Where the line containing "Babidu Completo 2" appears, start repeating, and continue exactly through the last line below, adding nothing. Include no pictures.

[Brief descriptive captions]
================================
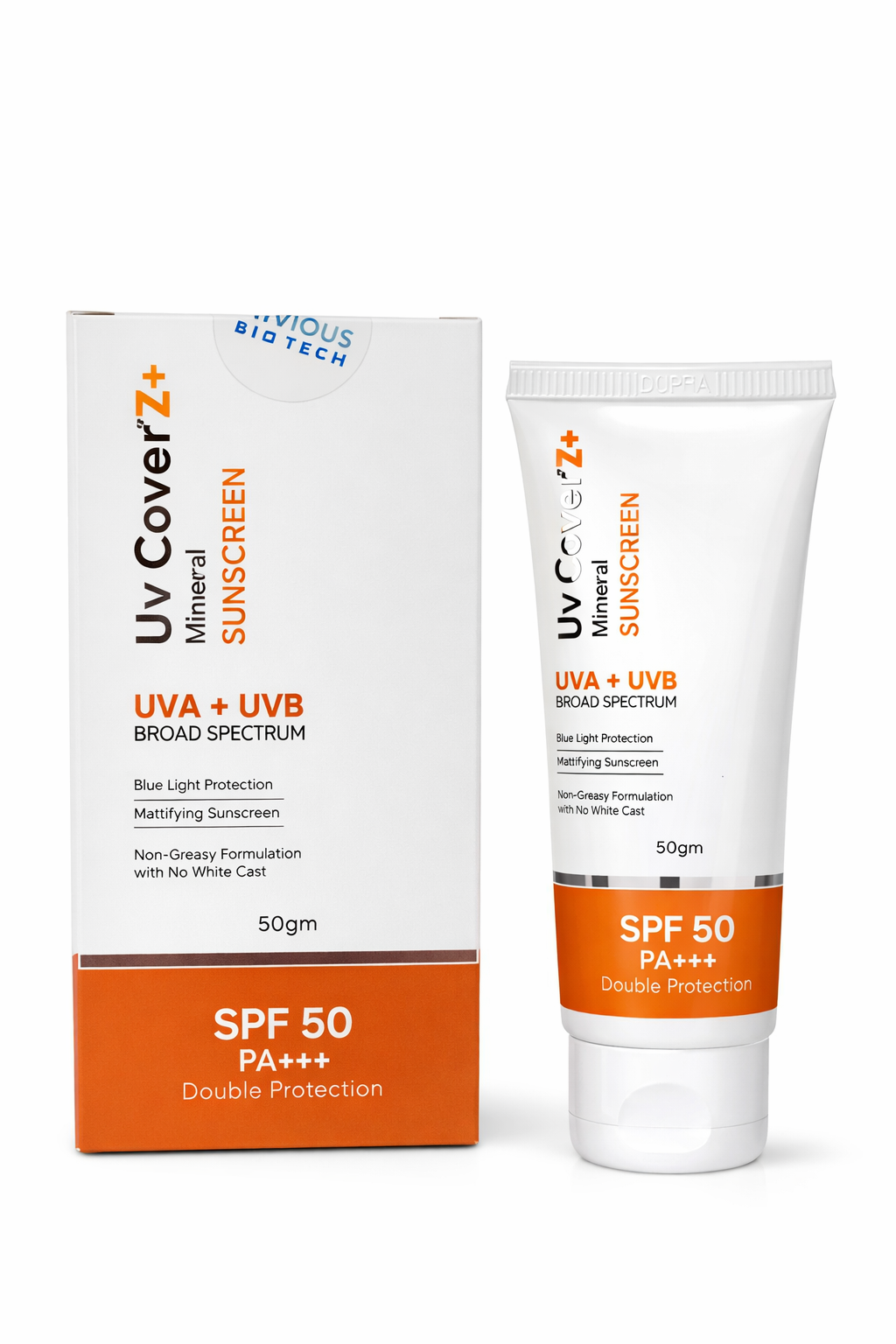 cover z+ mineral sunscreen spf 50 pa+++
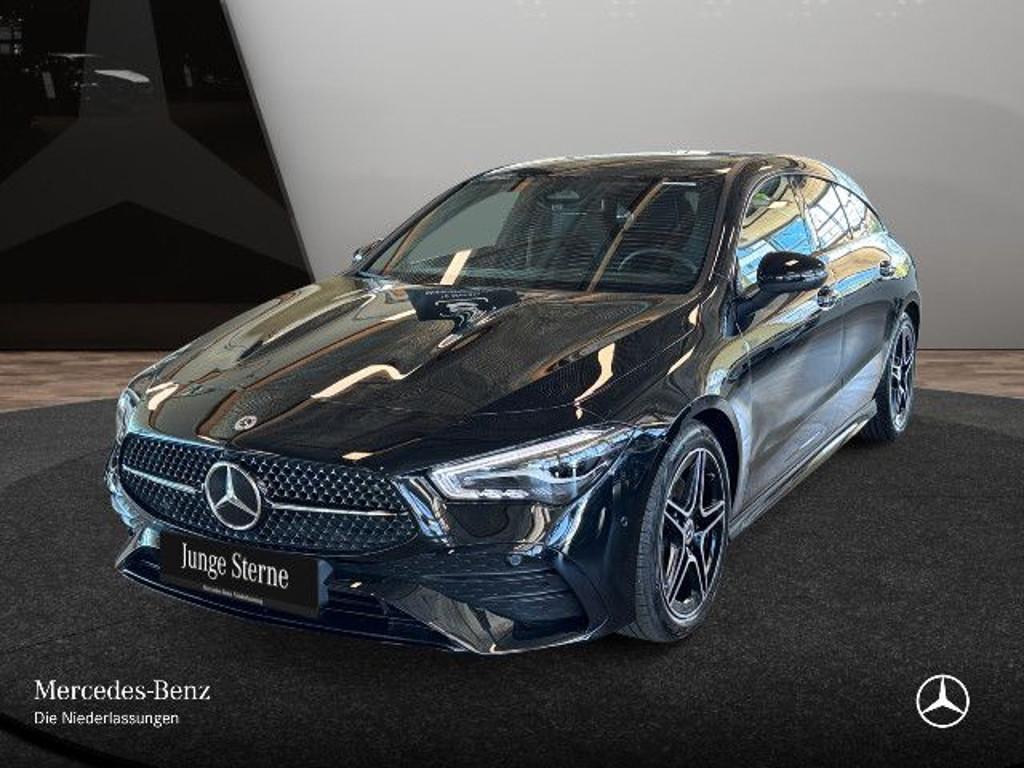 Mercedes-Benz CLA-Klasse 2025 Diesel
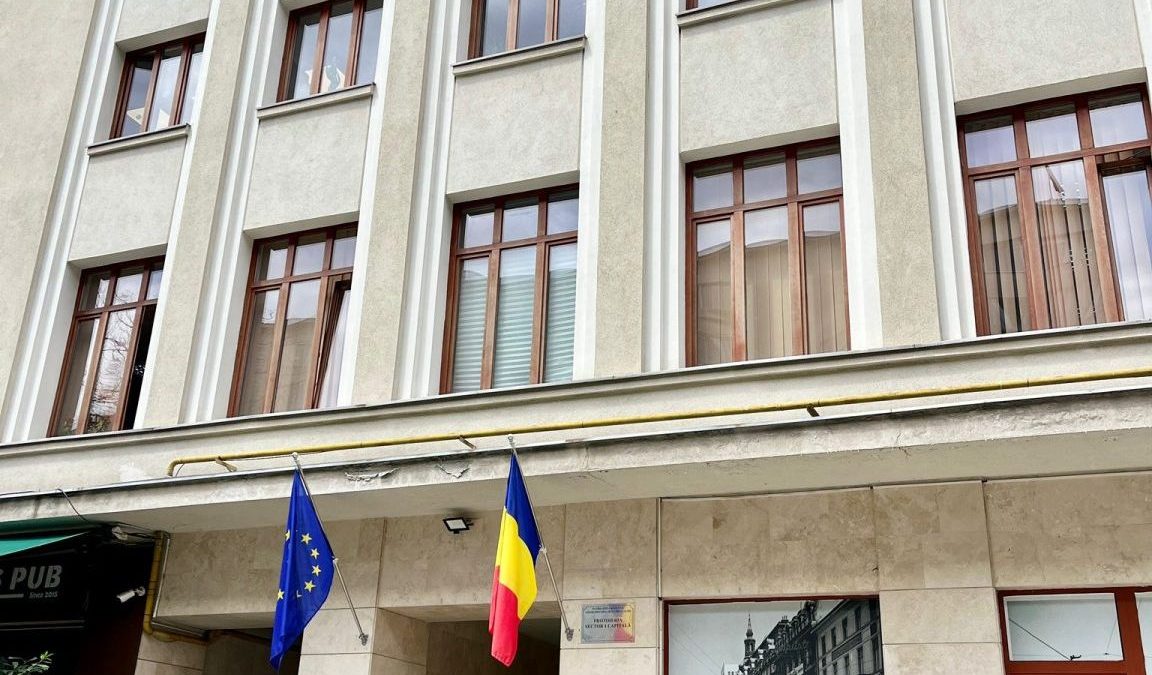 Sectorul 1: Starea Civilă se mută în inima Bucureștiului, Piața Amzei!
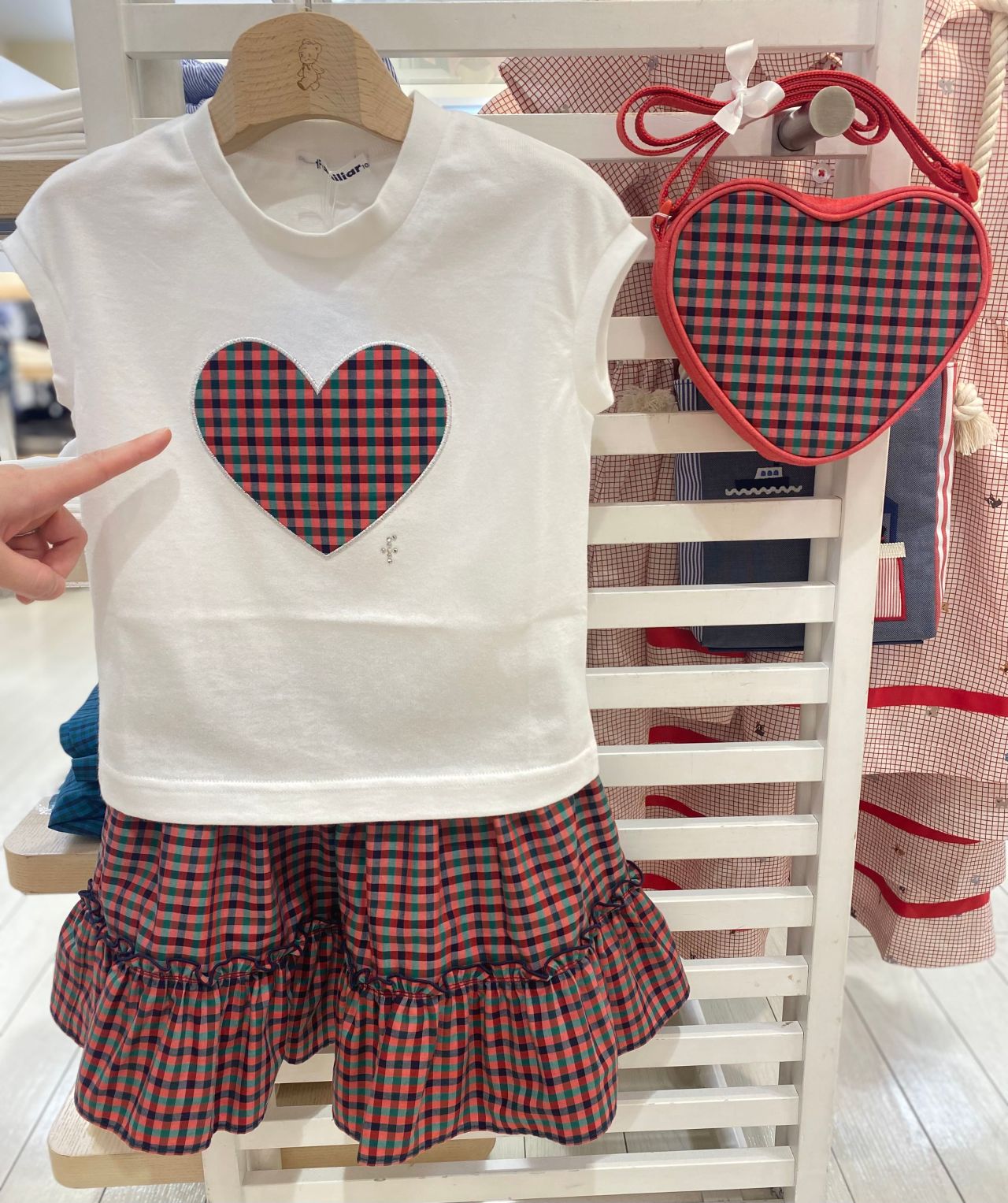 ハート発見っ！！｜ファミリア福岡岩田屋ファミリアの公式ブログ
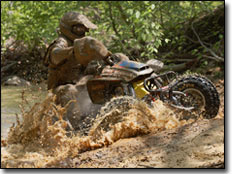 Kyle Martin 450R ATV Quad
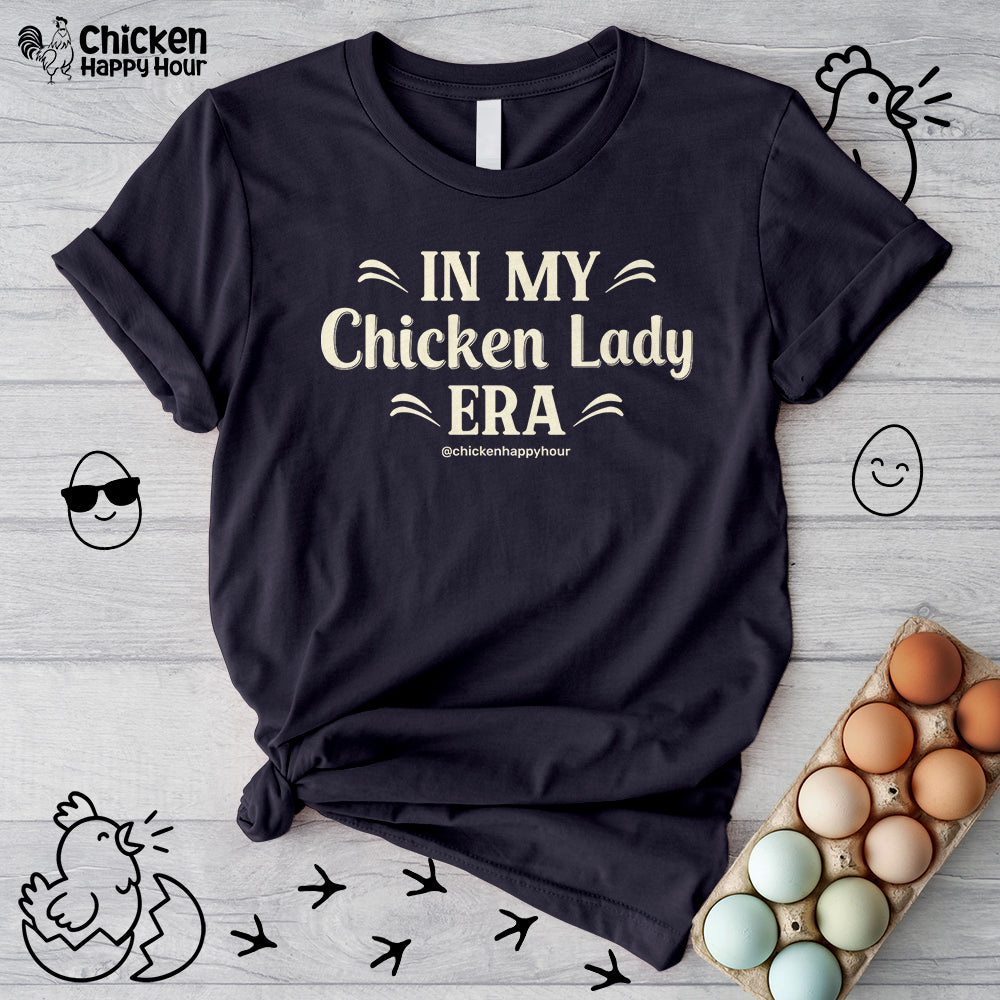 In My Chicken Lady Era Unisex Tee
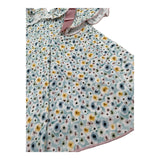 Babidu Completo 2 Pezzi Camicia-Coulotte Tinta Unita per Neonata 93491 VERDE BABIDU 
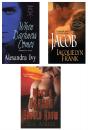 Supernatural Bundle With What A Dragon Should Know, When Darkness Comes & Jacob - Preview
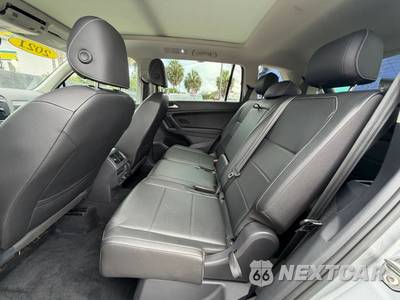 2021 Volkswagen Tiguan SE - zdjęcie 18 z 42 - miniatura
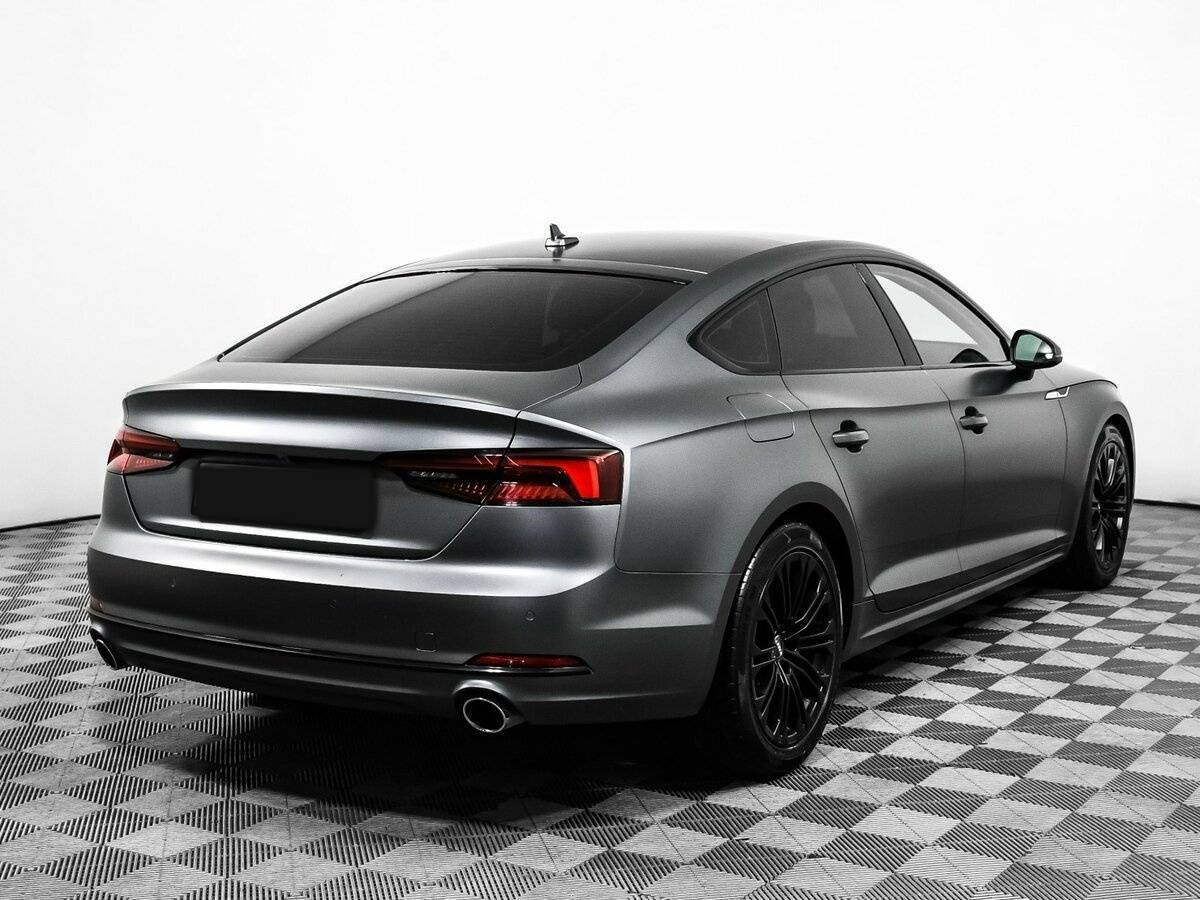 Audi A5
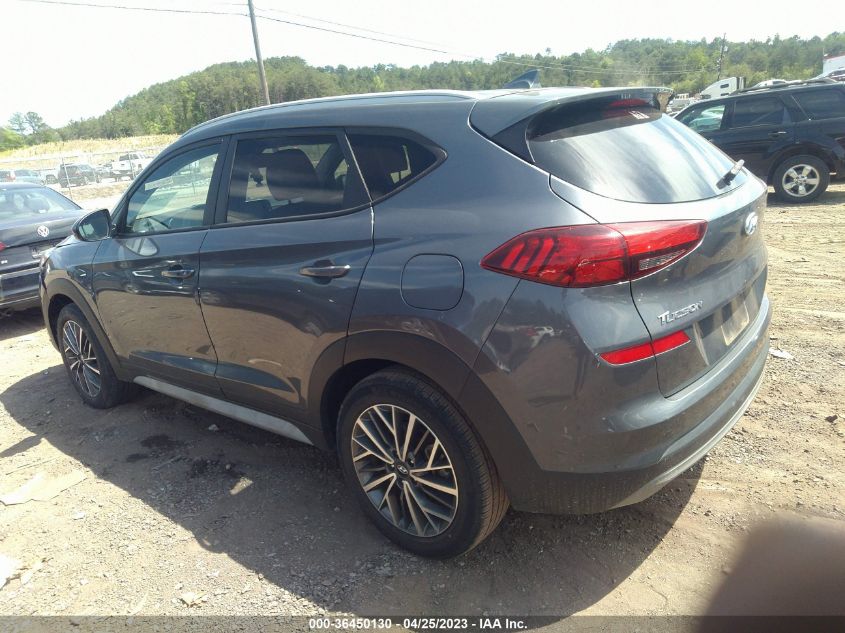 2019 HYUNDAI TUCSON SEL - KM8J33AL6KU956029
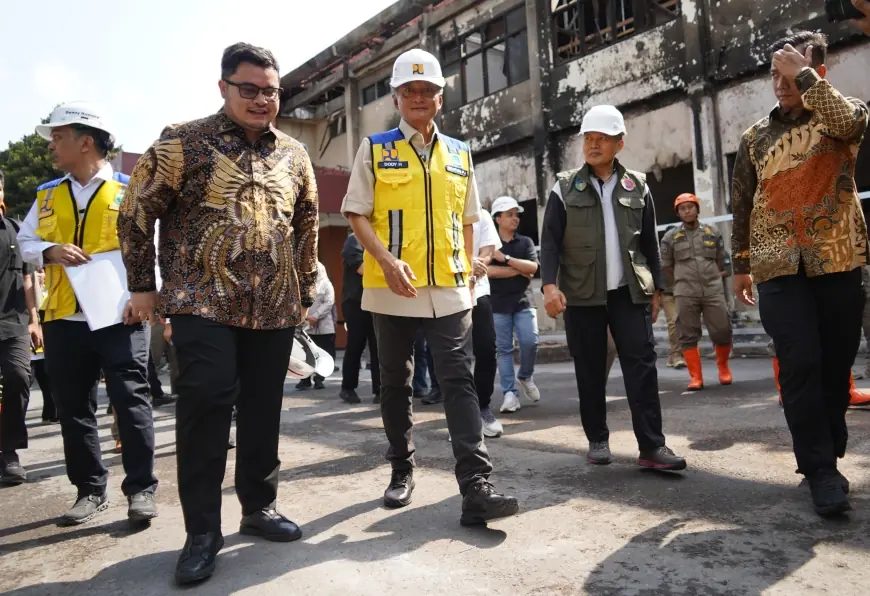 Rehab Didanai Pusat, Mas Dhito Sebut Pemkab Kediri Akan Hapus Aset Gedung yang Diratakan
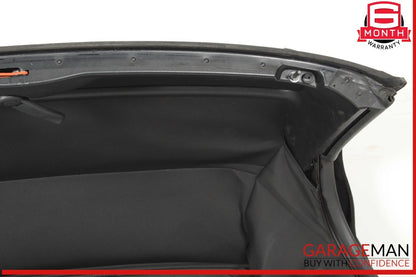 07-10 Saturn Sky Soft Top Roof Folding Black OEM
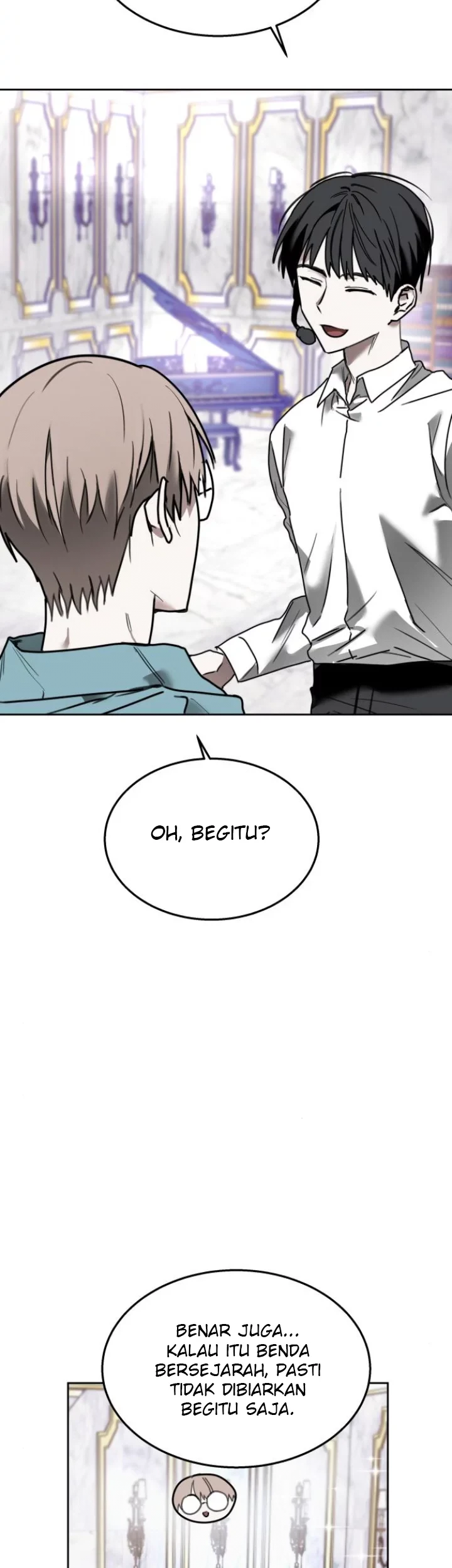 Top Star Sent by God Chapter 25 Gambar 10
================================
Task output ->
 Babidu Completo 2 Pezzi Camicia-Coulotte Tinta Unita per Neonata 93491 VERDE BABIDU 
 Supernatural Bundle With What A Dragon Should Know, When Darkness Comes & Jacob - Preview
 2021 Volkswagen Tiguan SE - zdjęcie 18 z 42 - miniatura
 Audi A5
 2019 HYUNDAI TUCSON SEL - KM8J33AL6KU956029
 Rehab Didanai Pusat, Mas Dhito Sebut Pemkab Kediri Akan Hapus Aset Gedung yang Diratakan
 07-10 Saturn Sky Soft Top Roof Folding Black OEM
 Top Star Sent by God Chapter 25 Gambar 10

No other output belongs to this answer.